Input records Block Start

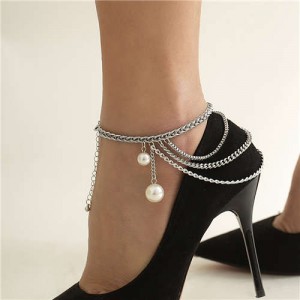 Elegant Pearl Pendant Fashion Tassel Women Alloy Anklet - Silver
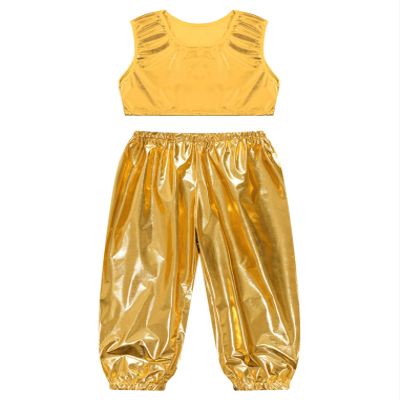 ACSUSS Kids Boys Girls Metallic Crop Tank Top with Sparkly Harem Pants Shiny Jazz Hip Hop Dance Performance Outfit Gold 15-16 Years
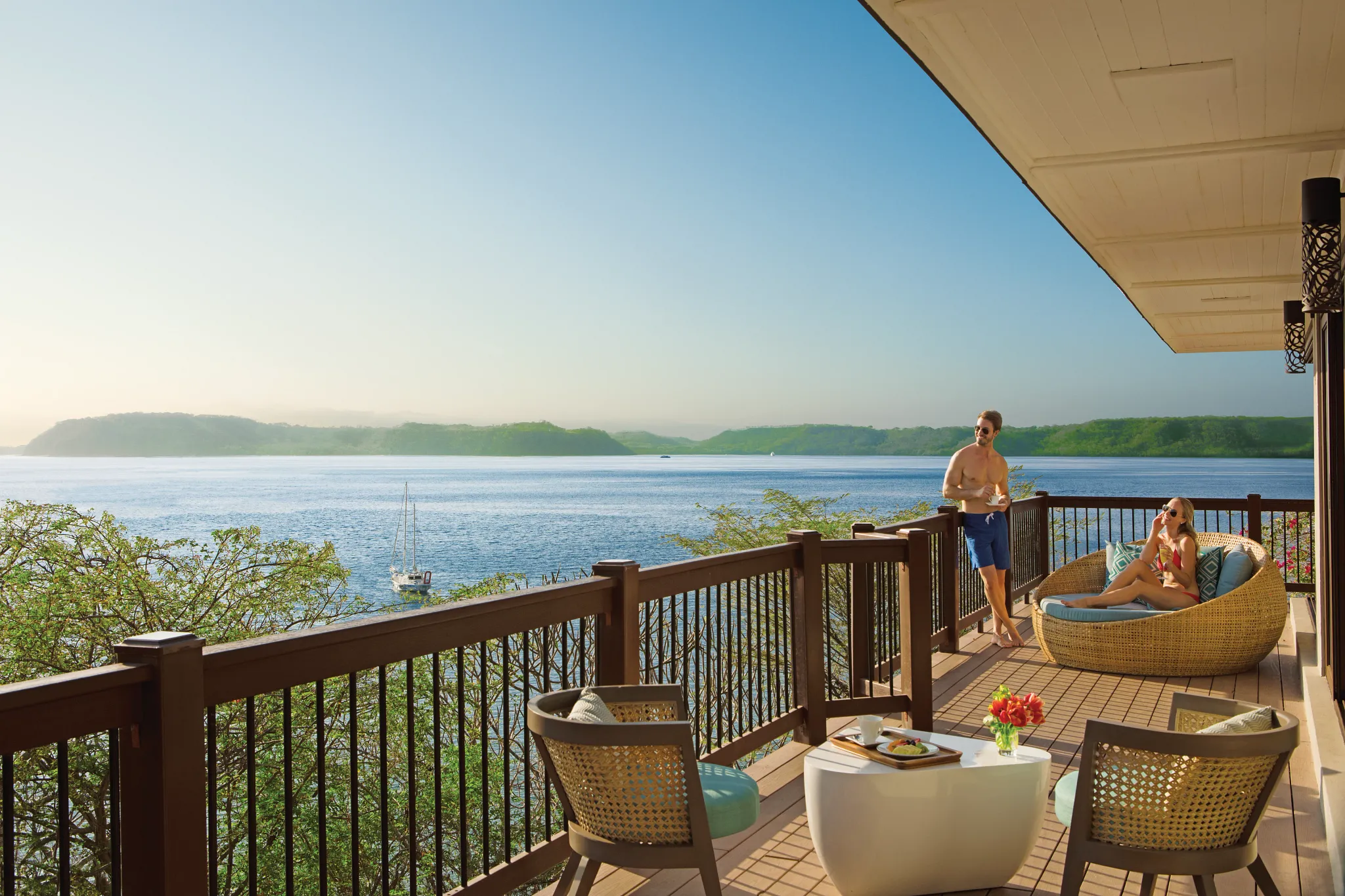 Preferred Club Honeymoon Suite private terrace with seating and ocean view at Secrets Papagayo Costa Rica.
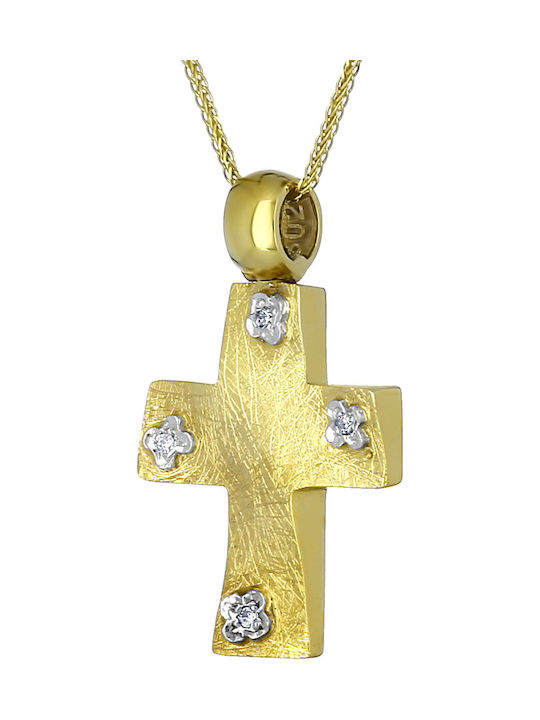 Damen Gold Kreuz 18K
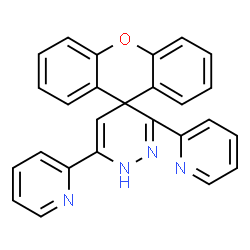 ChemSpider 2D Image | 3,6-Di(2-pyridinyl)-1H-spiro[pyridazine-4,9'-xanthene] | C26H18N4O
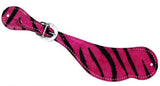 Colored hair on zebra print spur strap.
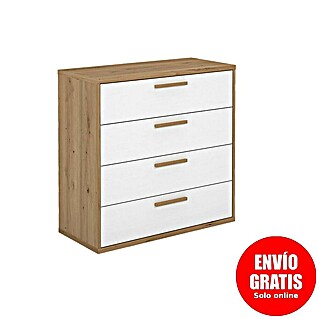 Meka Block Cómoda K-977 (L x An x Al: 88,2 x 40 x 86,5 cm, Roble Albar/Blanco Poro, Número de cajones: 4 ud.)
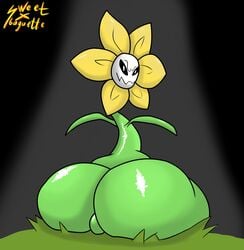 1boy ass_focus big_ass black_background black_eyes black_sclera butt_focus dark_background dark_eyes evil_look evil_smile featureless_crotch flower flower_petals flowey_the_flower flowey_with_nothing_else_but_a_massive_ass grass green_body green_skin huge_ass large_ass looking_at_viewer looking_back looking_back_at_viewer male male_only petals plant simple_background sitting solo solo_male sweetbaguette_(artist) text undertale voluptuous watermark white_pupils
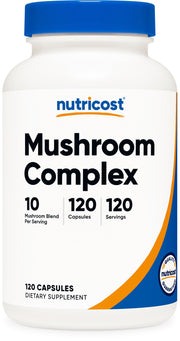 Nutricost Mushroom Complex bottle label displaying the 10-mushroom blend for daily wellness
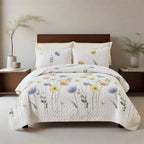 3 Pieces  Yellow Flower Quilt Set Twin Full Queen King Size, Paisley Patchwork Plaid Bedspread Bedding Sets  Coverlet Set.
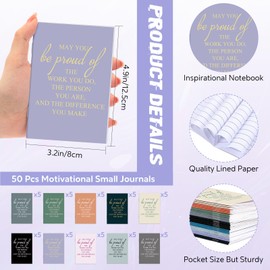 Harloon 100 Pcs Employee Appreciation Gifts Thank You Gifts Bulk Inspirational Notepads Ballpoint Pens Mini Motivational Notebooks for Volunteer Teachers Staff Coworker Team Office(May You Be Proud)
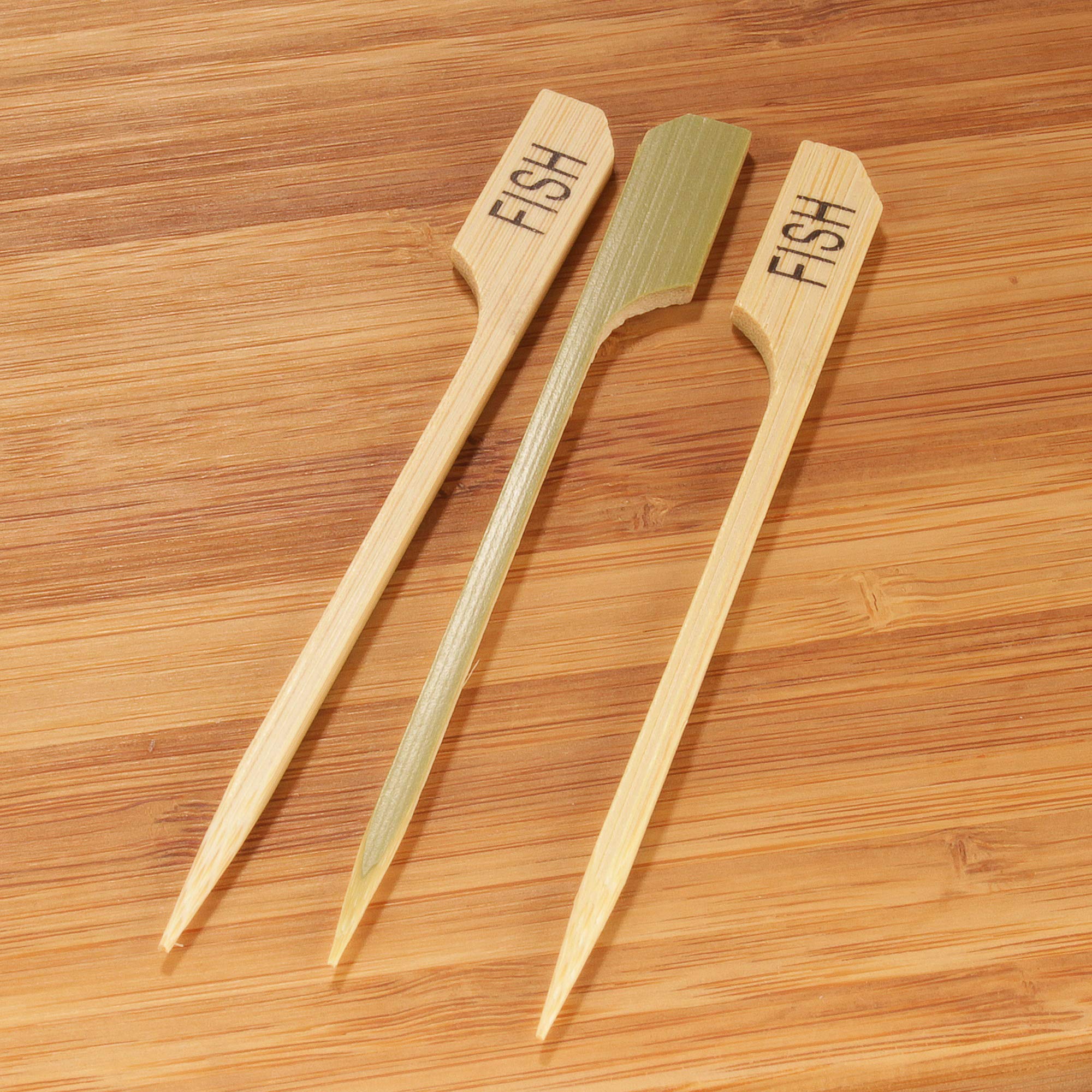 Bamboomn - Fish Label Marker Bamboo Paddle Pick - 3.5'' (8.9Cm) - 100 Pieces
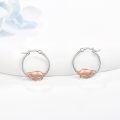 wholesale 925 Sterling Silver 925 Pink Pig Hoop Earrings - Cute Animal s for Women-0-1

Input records Block End

§ Exercise requirements
Beginning with the line where "Meka Block Cómoda" appears, restate word for word every line down to the last one in the data, but keep the pictures out.

§ Exercise result
 Meka Block Cómoda K-977 (L x An x Al: 88,2 x 40 x 86,5 cm, Roble Albar/Blanco Poro, Número de cajones: 4 ud.)
 1boy ass_focus big_ass black_background black_eyes black_sclera butt_focus dark_background dark_eyes evil_look evil_smile featureless_crotch flower flower_petals flowey_the_flower flowey_with_nothing_else_but_a_massive_ass grass green_body green_skin huge_ass large_ass looking_at_viewer looking_back looking_back_at_viewer male male_only petals plant simple_background sitting solo solo_male sweetbaguette_(artist) text undertale voluptuous watermark white_pupils
 Nutricost Mushroom Complex bottle label displaying the 10-mushroom blend for daily wellness
 3 Pieces  Yellow Flower Quilt Set Twin Full Queen King Size, Paisley Patchwork Plaid Bedspread Bedding Sets  Coverlet Set.
 Harloon 100 Pcs Employee Appreciation Gifts Thank You Gifts Bulk Inspirational Notepads Ballpoint Pens Mini Motivational Notebooks for Volunteer Teachers Staff Coworker Team Office(May You Be Proud)
 Bamboomn - Fish Label Marker Bamboo Paddle Pick - 3.5'' (8.9Cm) - 100 Pieces
 wholesale 925 Sterling Silver 925 Pink Pig Hoop Earrings - Cute Animal s for Women-0-1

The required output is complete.